Издательство рекламировало «Дом вампира» как «символическую повесть, отличающуюся широтой ви`дения, безупречным мастерством, потрясающей силой и беспощадной проницательностью», но книгу приняли неровно. «Жаль, что никакой вампир не украл идею Вирека до того, как он ее испортил», – иронизировал один рецензент. Автора упрекали в отсутствии оригинальности, в излишней цветистости языка, переходящей в дурной вкус, в невыдержанности стиля, однако влиятельный критик Уильям Риди утверждал, что со времени «Портрета Дориана Грея» «не появлялось столь таинственного и умного романа». Ему вторили обозреватели провинциальной прессы, поскольку известность Вирека вышла за пределы Нью-Йорка: «Книга производит зловещее впечатление, и тень “вампира” еще долго преследует вас после того, как дочитаны последние слова»; «Читатель тянется к “Дому вампира”, как магнит к металлу, книга засасывает его, как паук – муху». Самую высокую оценку дал Симонс: «Роман понравился мне больше других ваших книг. Идея оригинальна, форма искусна, финал оправдывает развитие событий. <…> Из символа вы сделали впечатляющую историю. Она наводит на мысль об Уайльде, но Уайльд испортил бы ее украшательством и смазал бы финал. Здесь есть сила, и эта сила заставляет дочитать до конца».
Красочный портрет хлебнувшего славы Вирека оставила Бланш Уэгстафф – по словам друга, «золотоволосая светская женщина и очаровательный поэт»: «С ярким галстуком, сверкающими золотыми волосами, соблазнительными руками и голосом, красивым, как звон колокола, он вещал неофитам о “новой” поэзии – точнее, исключительно о своей… В его магнетизме было что-то электрическое. На сборищах поэтов он вскакивал в пламенном споре, изящно жестикулировал и вызывал споры. Не все любили Вирека.
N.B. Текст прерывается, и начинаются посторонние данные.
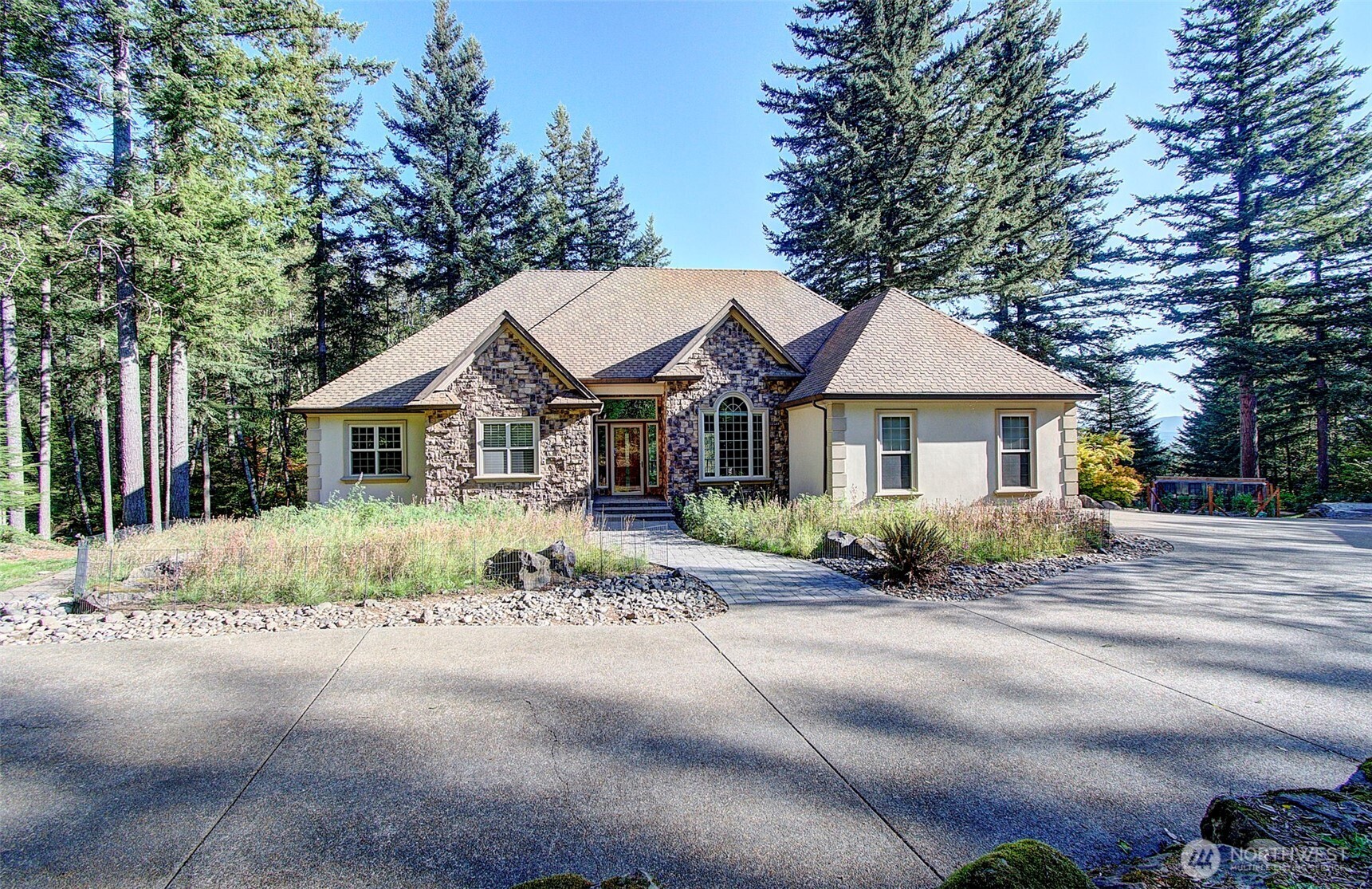 main property photo 0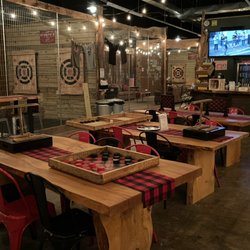 Stumpy's Hatchet House - Delran - Fun and games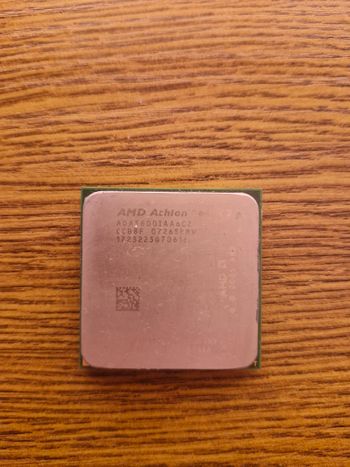 AMD Athlon️ 64x2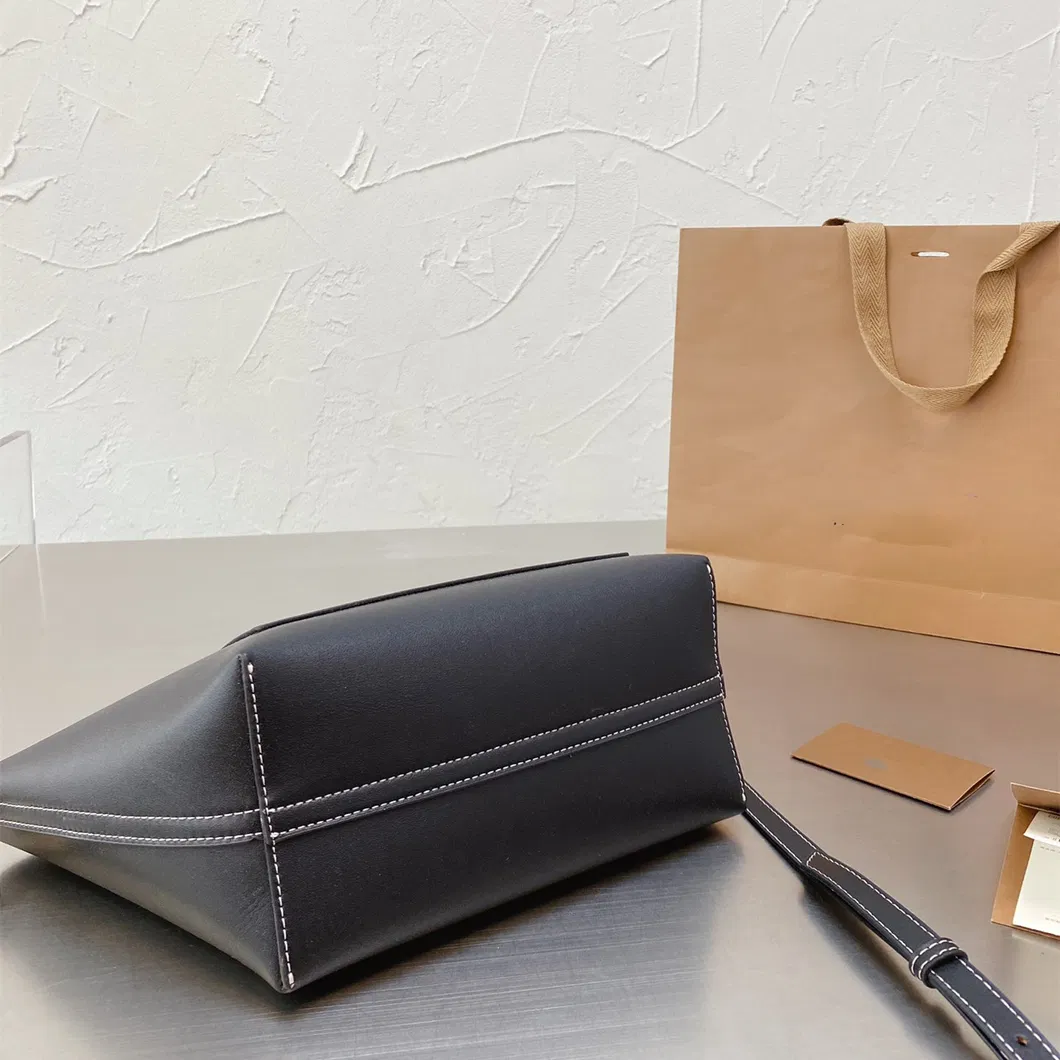 Hot Sale Simple design Two Color Replcia Leather Small Hangbag for Ladies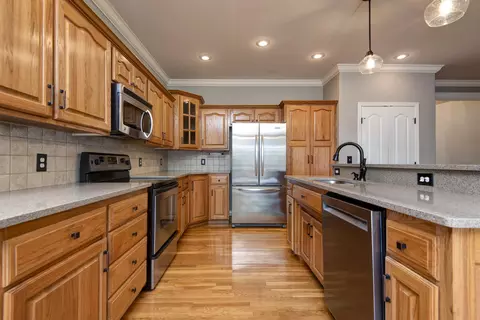 Kitchen - 3871 W Olivia St, Springfield, MO 65810 photo 1 of 4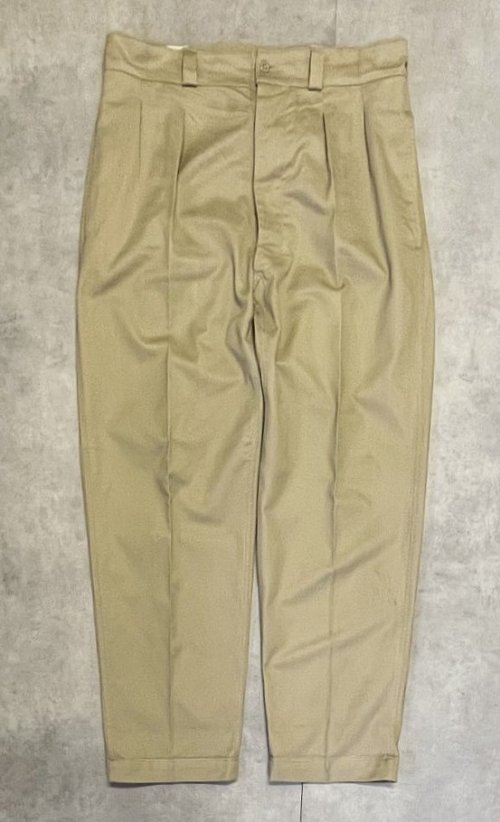 50'S フランス軍 M52 ボタンフライ ツータック チノパンツ ベージュ (VINTAGE)「Bottoms」入荷しました。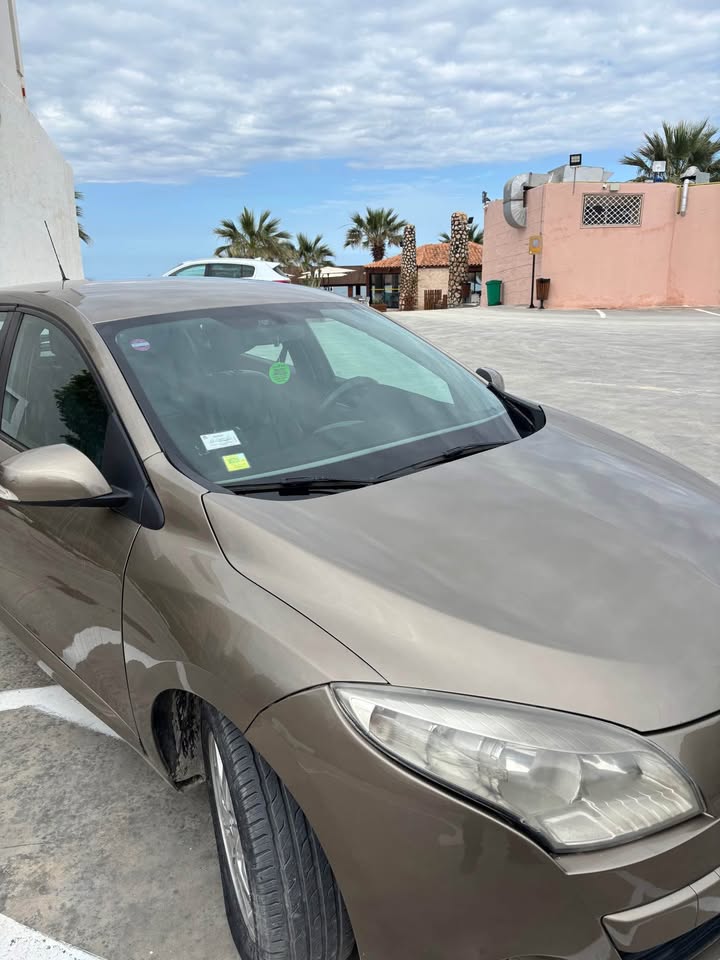voiture-familiale-economique-occasion-moknine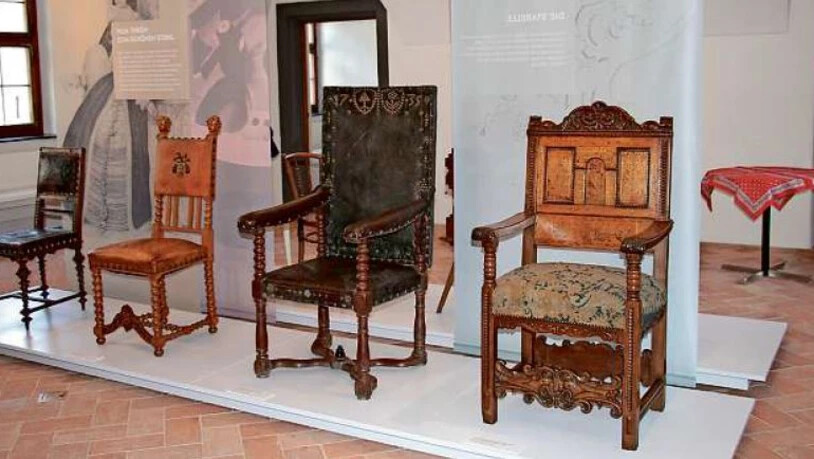 Repräsentative Sitzmöbel in der Ausstellung im Freulerpalast.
Многие опасались. В боязни его острого языка и экзотичной личности была зависть наряду с неприятием агрессивности, великолепного нахальства и бьющих через край талантов». Дружба оставалась литературной, несмотря на стихи вроде вирековской «Баллады королевы Лилит», где Люцифер и Лилит – эти имена Сильвестр и Бланш использовали в переписке – называют друг друга не только «братом» и «сестрой», но «любовниками» и говорят о «приятных мигах нежных ласк».